Ontem, dia 04/12/21, tive o privilégio de assistir à maravilhosa peça "A Doença do Outro" no Centro Cultural São Paulo, estrelada por Ronaldo Serruya e dirigida por Fabiano de Freitas, o Dadado. Iniciando de forma expositiva, como uma aula, o ator aborda questões como doença social, estigma, e imagens de controle. Mas mesmo nesta primeira parte, a emoção já vem aflorada.



Aos poucos, a linguagem emocionalmente catedrática vai se modificando, ganhando contornos cada vez mais autobiográficos, cada vez mais emocionais, até que irrompe em uma catarse sobre o que significa viver com hiv, e como a vida com o vírus marca os indivíduos, perante si mesmos e perante a sociedade.


Mostra ainda como o hiv não tem uma agenda, não é um ser político, ou agente religioso, é simplesmente um pedaço de RNA encapsulado com função puramente biológica.


Ao longo da peça, o ator nos convida a ressignificar nosso entendimento do que é ser um corpo positivo, e da importância de entendermos (e abraçarmos) nossa ancestralidade soropositiva.
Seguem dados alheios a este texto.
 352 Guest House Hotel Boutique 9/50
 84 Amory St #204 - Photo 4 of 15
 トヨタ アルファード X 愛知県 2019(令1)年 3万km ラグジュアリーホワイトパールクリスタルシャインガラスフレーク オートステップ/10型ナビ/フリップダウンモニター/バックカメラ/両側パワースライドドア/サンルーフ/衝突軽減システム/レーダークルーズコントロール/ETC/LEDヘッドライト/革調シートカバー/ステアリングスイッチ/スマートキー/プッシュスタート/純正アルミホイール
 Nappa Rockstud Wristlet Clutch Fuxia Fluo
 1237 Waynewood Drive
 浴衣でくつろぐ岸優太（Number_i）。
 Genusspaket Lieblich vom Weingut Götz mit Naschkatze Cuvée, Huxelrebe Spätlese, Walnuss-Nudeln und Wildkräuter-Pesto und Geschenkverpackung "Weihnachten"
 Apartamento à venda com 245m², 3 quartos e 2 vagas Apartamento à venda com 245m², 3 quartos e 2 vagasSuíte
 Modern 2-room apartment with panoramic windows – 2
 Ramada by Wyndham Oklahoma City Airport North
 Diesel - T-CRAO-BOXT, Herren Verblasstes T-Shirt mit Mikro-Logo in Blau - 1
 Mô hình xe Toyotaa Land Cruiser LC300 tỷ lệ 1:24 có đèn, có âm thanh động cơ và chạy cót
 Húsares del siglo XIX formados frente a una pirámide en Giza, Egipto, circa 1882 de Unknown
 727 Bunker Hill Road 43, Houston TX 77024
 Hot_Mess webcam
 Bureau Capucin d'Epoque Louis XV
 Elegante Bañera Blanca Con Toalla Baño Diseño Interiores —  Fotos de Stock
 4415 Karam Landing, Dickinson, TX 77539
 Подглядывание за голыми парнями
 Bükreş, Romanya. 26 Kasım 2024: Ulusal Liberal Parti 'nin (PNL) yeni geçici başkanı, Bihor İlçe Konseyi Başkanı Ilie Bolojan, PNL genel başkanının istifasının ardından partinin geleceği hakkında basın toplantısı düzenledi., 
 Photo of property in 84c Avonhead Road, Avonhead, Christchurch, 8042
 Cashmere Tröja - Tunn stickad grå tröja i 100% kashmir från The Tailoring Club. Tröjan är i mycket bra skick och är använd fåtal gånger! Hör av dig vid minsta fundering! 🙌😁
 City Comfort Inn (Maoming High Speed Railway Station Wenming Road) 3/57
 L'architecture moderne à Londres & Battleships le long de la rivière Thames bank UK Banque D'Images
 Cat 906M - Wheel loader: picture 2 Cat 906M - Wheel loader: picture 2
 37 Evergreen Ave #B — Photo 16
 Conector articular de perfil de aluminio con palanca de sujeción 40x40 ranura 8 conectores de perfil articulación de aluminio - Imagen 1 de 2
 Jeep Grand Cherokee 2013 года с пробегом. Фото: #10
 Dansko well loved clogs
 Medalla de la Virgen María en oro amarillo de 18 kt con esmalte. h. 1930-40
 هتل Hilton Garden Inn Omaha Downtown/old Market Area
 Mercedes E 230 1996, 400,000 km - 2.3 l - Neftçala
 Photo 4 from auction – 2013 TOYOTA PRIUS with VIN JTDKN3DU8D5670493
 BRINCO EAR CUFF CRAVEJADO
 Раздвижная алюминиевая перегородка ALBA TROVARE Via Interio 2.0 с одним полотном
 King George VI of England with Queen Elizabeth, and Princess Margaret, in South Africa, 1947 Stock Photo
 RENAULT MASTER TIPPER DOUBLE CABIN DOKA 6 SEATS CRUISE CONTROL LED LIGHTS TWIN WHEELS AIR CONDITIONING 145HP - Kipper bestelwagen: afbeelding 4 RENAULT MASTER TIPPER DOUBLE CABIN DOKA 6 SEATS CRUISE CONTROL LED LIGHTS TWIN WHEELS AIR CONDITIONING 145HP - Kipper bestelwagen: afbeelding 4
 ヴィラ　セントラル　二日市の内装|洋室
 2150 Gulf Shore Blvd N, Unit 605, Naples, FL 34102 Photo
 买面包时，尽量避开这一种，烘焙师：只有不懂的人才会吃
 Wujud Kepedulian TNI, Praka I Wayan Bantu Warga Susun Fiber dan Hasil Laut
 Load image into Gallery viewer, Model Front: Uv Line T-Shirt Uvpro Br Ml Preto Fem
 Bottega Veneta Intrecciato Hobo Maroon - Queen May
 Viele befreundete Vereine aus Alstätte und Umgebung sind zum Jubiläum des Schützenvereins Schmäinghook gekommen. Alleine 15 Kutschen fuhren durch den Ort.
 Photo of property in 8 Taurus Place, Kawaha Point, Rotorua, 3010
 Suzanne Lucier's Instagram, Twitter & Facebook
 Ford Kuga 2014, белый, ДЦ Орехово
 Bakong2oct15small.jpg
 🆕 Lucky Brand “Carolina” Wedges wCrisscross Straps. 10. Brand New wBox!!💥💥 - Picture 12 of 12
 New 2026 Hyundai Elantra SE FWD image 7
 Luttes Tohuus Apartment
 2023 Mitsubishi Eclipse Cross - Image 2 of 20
Somos marcados por quem nos precedeu na vida com hiv, e os que morreram em consequência da aids estão de alguma forma vivos em nós.


A "Doença do Outro" nos convida a viver em plenitude, a reconstruir uma nova cara do hiv/aids, a viver (parafraseando o ator e pesquisador Franco Fonseca) "sem capa e sem culpa".


A peça termina com uma grande dança coletiva na forma de expressar a alegria de ser... Simplesmente ser...


Saí do teatro profundamente tocado e transformado.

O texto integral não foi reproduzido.